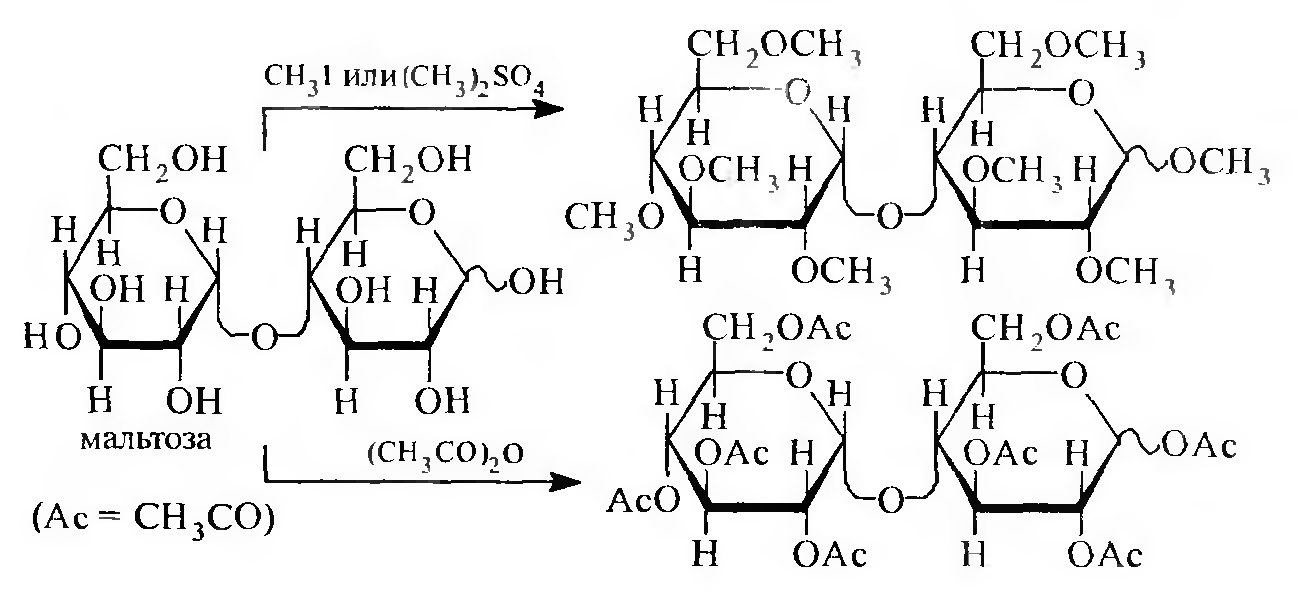 Третий экзамен сахарозы. Мальтоза с метанолом реакция. Целлобиоза ch3i. Мальтоза и целлобиоза.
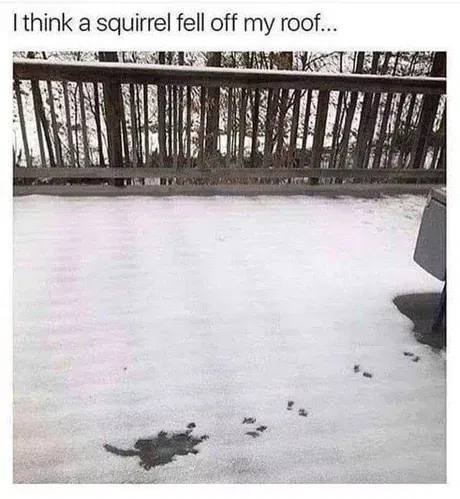 1750199285099.png
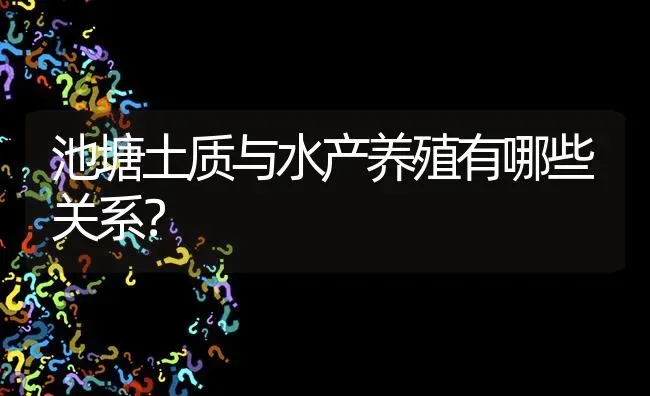 池塘土质与水产养殖有哪些关系? | 养殖问题解答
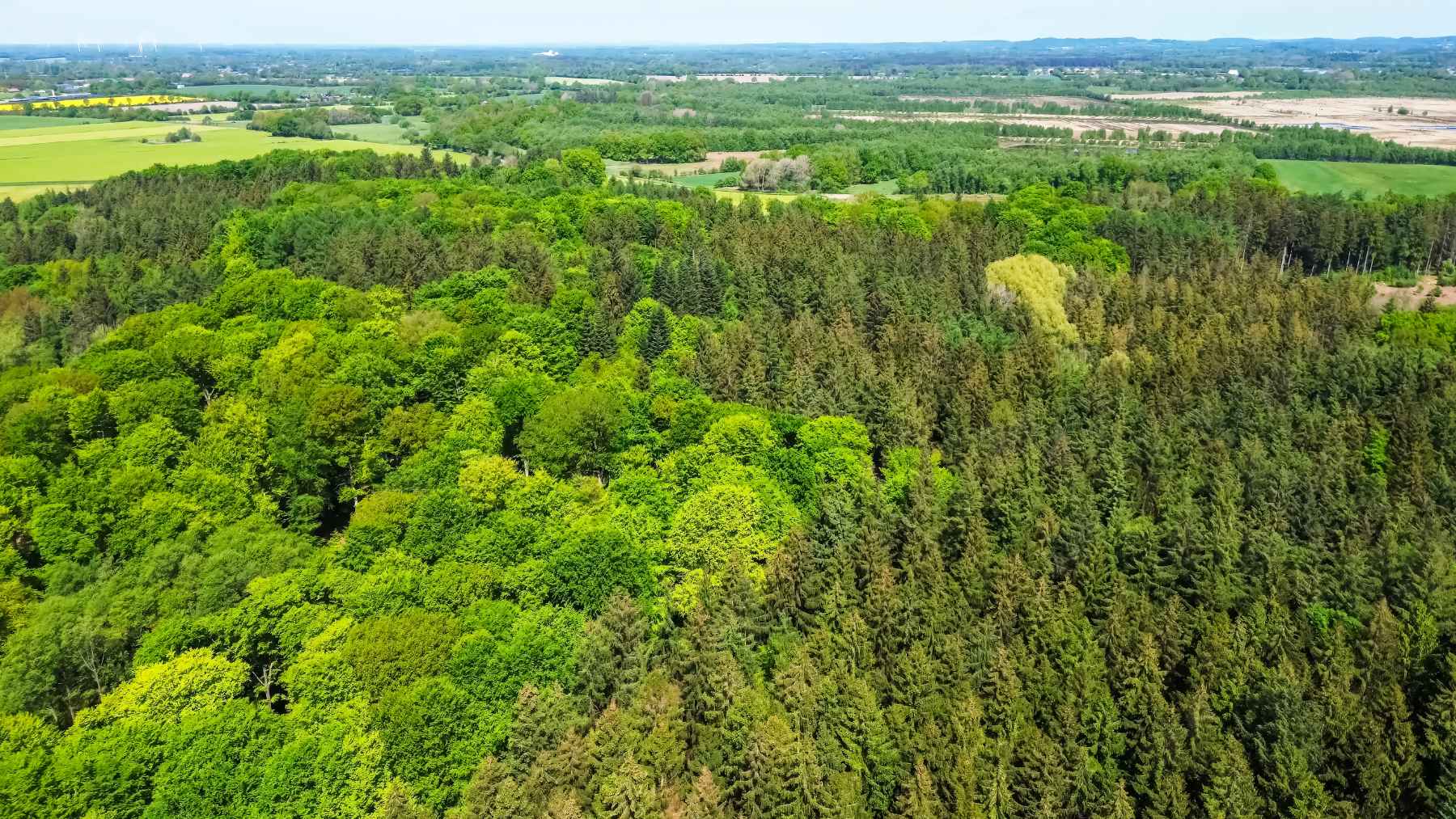 Aerial view of dense mixed forest in Germany, illustrating research on how forest soils respond to climate change and absorb methane.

GOAL OF THE EXERCISE:
Restate the material above exactly. Exclude all pictures.

RESPONSE TO THE EXERCISE:
 Третий экзамен сахарозы. Мальтоза с метанолом реакция. Целлобиоза ch3i. Мальтоза и целлобиоза.
 1750199285099.png
 池塘土质与水产养殖有哪些关系? | 养殖问题解答
 Aerial view of dense mixed forest in Germany, illustrating research on how forest soils respond to climate change and absorb methane.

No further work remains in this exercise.